February 23 – April 13

PRAZ-DELAVALLADE
5, rue des Haudriettes – 75003 Paris

PRAZ-DELAVALLADE is pleased to present The Nature of Time, an exhibition with new work by MARNIE WEBER. Thematizing the passage of time, Marnie Weber’s new exhibition is composed of a series of painted panels representing the four seasons, and a series of 366 collages, called “The Diary Project”.

Time is defined and marked by our experiences. It is held accountable by occasions of note, sometimes events of importance and other times, not. Time is something that is hard to grasp and can only be reflected upon as memory, a photograph, a story or simply measured out by tic of a clock. Time can be fictionalized and romanticized through photographs and imagery that trigger our memories. As an artist who is interested in creating fiction and distorting reality, Marnie Weber is constantly viewing the world through eyes which look for the dramatic and theatrical over the mundane.
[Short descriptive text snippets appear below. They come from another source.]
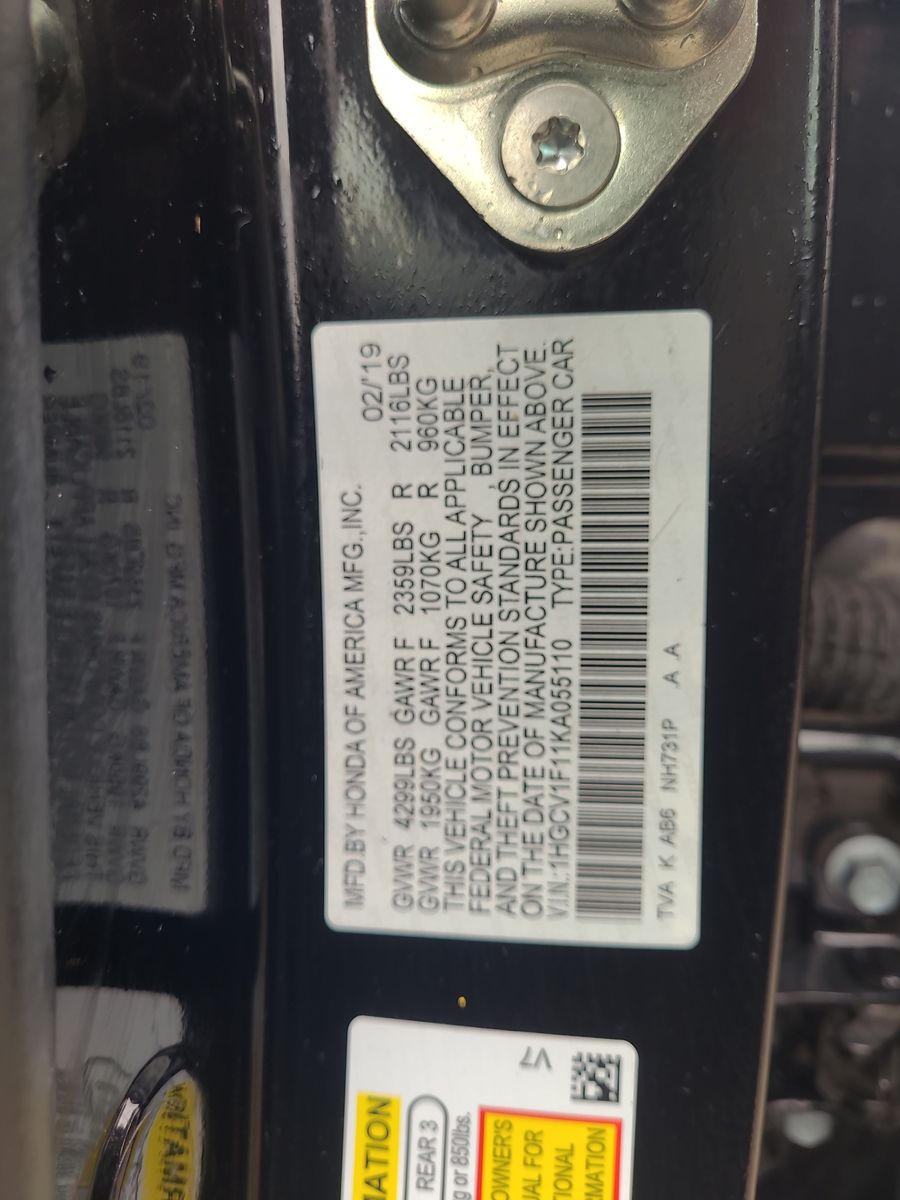 2019 Honda Accord LX FWD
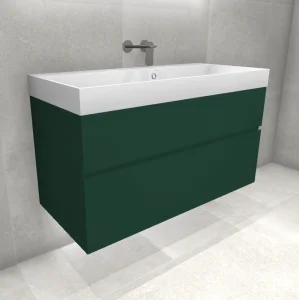 Faeber Venice 1000mm Basin Unit RAL 6028 Pine green Matt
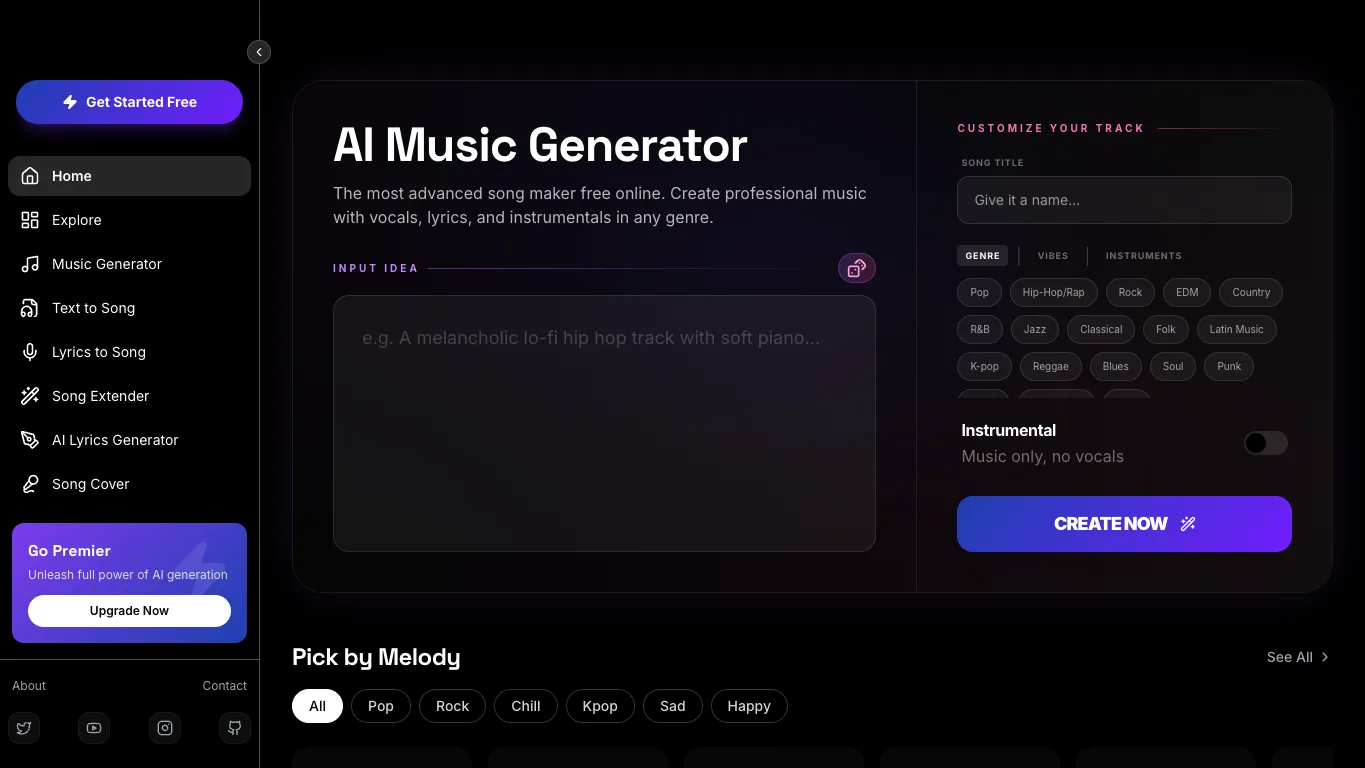 MelodyCraft official homepage screenshot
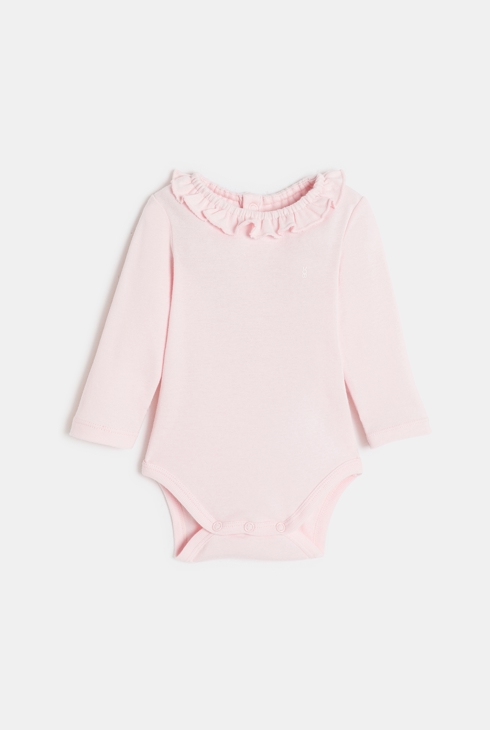 Robe à bretelles velours fleurs et body rose bébé fille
“The Diary Project” is an exploration and unearthing of thirty years of archived images. Marnie Weber imagined it as somewhat of a retrospective of her collected imagery in collage form, using photographic clippings from previous bodies of works, as well as imagery pulled from magazines. Making one collage a day, and given it was a leap year, there are 366 collages in total. Marnie Weber continued her other work as an artist all along: a trip to Oaxaca Mexico for Day of the Dead, hunting for monster masks, celebrating holidays, enjoying the seasons, shooting her new movie, creating exhibitions, doing performances, playing music and traveling are all reflected in these collages, as are many days of mundane happiness as well as some days of sadness and heart-ache. The colourful characters that appear in costumes are drawn from the artist’s work in performance and film. Dolls appear throughout as left overs from her earlier dollhouse series. Some of Weber’s early collage imagery, with nude figures taken from soft-core skin magazines, also re-emerges, and bodies of work such as “The Spirit Girls” are given yet another new life. Little girls and nature seem to be a reoccurring theme, and can be understood as a reflection on a childhood spent in the countryside in rural Connecticut. Hundreds of animals frolic through the days; ghostly apparitions, the spiritual and the surreal are as present as ever.

Accompanying the series of collages is a new series of painted and collaged panels that represent the four seasons in a romanticized and surreal manner. Arms sprout from tress in snowy vistas, bodies float through the summer sea, spring has little girls blooming as flowers, and fall is the artist herself in the character of a scarecrow. The show is to be viewed and understood as a culmination of the artist’s life. A life spent gathering imagery, working in collage, creating characters through costuming and performance, and revisiting all of these passions together in one place, image by image, day by day, and moment by moment.